Nowadays, the pitch is about Frisco’s ability to put businesses and citizens within a days drive of many major hubs, thanks to its central location.
“You can pretty much get anywhere in a day trip,” he said.
And while the vast majority of Frisco’s residents drive out of town for work, the EDC is continuing to bring jobs to Frisco so eventually, they may not have to.
And Sports City USA can boast eight professional sports organizations: the Dallas Cowboys, the Texas Legends, the Dallas Stars, the Texas Revolution, FC Dallas, Dallas Rattlers, Frisco Roughriders, and the PGA.
The latter will be completely up and running by 2022, and will be the work of Omni Stillwater Woods (OSW), a joint venture led by Omni Hotels & Resorts with Stillwater Capital and Woods Capital; the City of Frisco, as well as its Economic and Community Development Corporations; and the Frisco Independent School District.
“The original conversation about the PGA was about working with a developer to create a PGA-championship golf course, and then it evolved,” Patterson said. The city is currently home or will be home to five golf courses.
But then it was discovered that the PGA was feeling a bit hamstrung by its current location, and might be open to a new site. Frisco was considered to be ideal because of how centrally located it was.
“Anytime you have a corporate relocation, it’s a positive,” Patterson said. “And with the PGA development, everything around it is going to win.”
Competition to be in the retail, restaurant, and entertainment portions of the mixed-use development is already fierce, he said, but who is vying for those spots is confidential.
The organization will move from Palm Beach County, Florida, to anchor a 600-acre mixed-use development with an initial investment worth more than half a billion dollars. It will include two 18-hole championship courses, and one nine-hole executive course.
An upscale development will go in at Rockhill Parkway and Legacy Drive, with those 600 acres situated mostly within the 2,500 acres being master planned by Hunt Realty Investments.
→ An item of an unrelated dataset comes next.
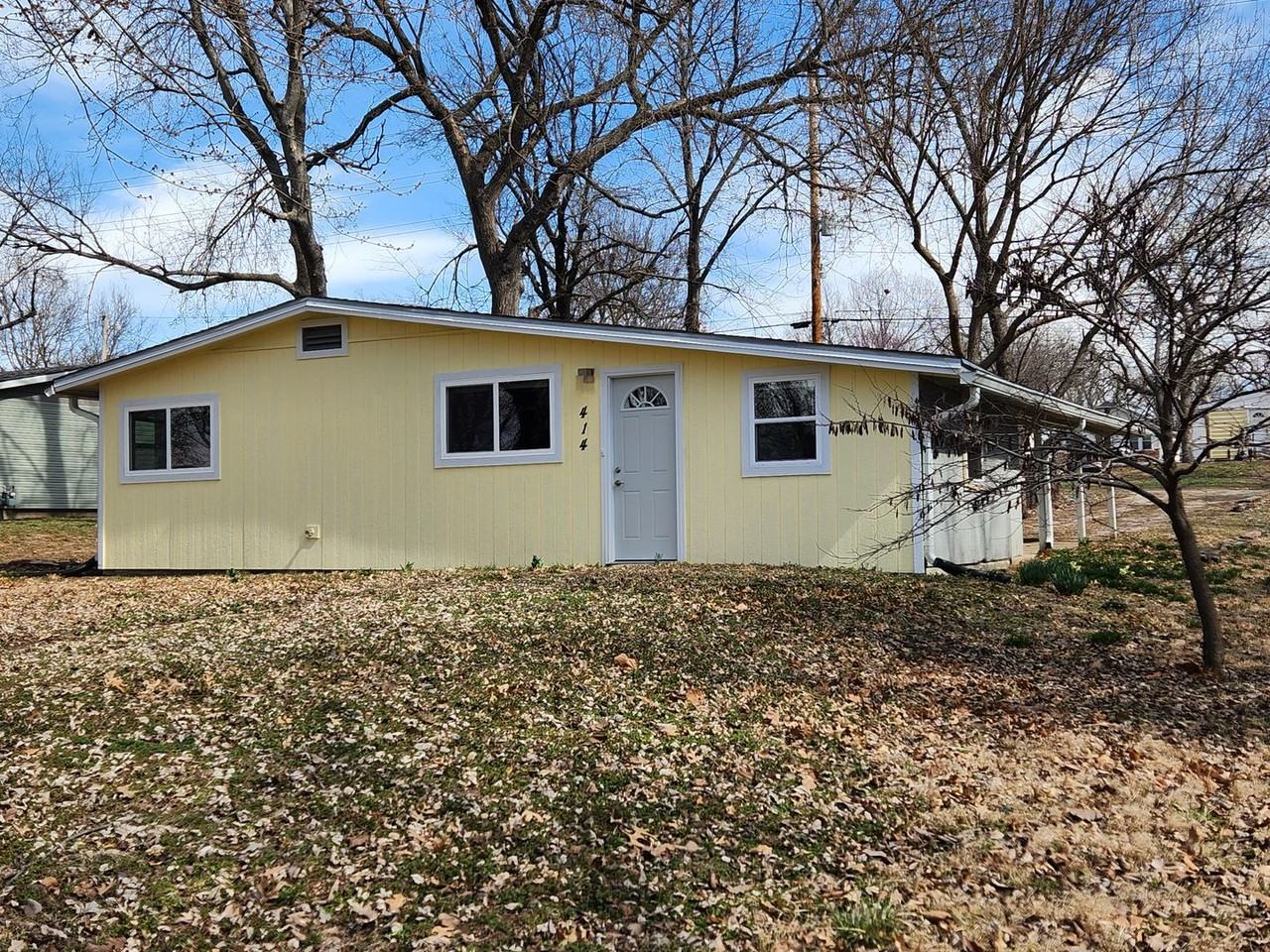 414 Sw Saline St - Photo 3 of 18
All told, the project will have an initial estimated public-private investment of about $520 million. The PGA will invest $30 million to build its 100,000 square-foot headquarters and education facility, and OSW will invest the rest to purchase land and construct a hotel, conference center, retail space, parking, and golf courses. The golf courses, clubhouse, practice areas and other public facilities will be owned by the city.
The goal, Patterson said, was to complete the hotel, convention center and golf course at roughly the same time, but cautioned that just because the course would be declared done wouldn’t mean it is ready for play.
“You have to let it grow,” he explained.
And that move to Frisco won’t just mean jobs and development — it will also be a boon to Frisco ISD.
“The PGA is really leaning in on trying to rebuild interest in golf,” Patterson said. More than 300 FISD high school golfers will be able to practice at the facility each week, giving them access to facilities that will make golf on par with the strong youth sports offerings that attracted the PGA to Frisco.
Students will also be able to learn more of the science behind golf, and the health and wellness aspects that keep golfers healthy, as well as the business side of golf.
The courses will also be open to the public, too, and will feature plenty of open space, parks, and several miles of trails.
At the initial announcement, the organization said it will initially create at least 100 jobs (Patterson told the crowd Wednesday that he ultimately expects “a couple hundred” will work there, with some relocating from Florida). The agreement also guarantees two PGA championships, two KPMG Women’s PGA championships, and possibly a Ryder Cup.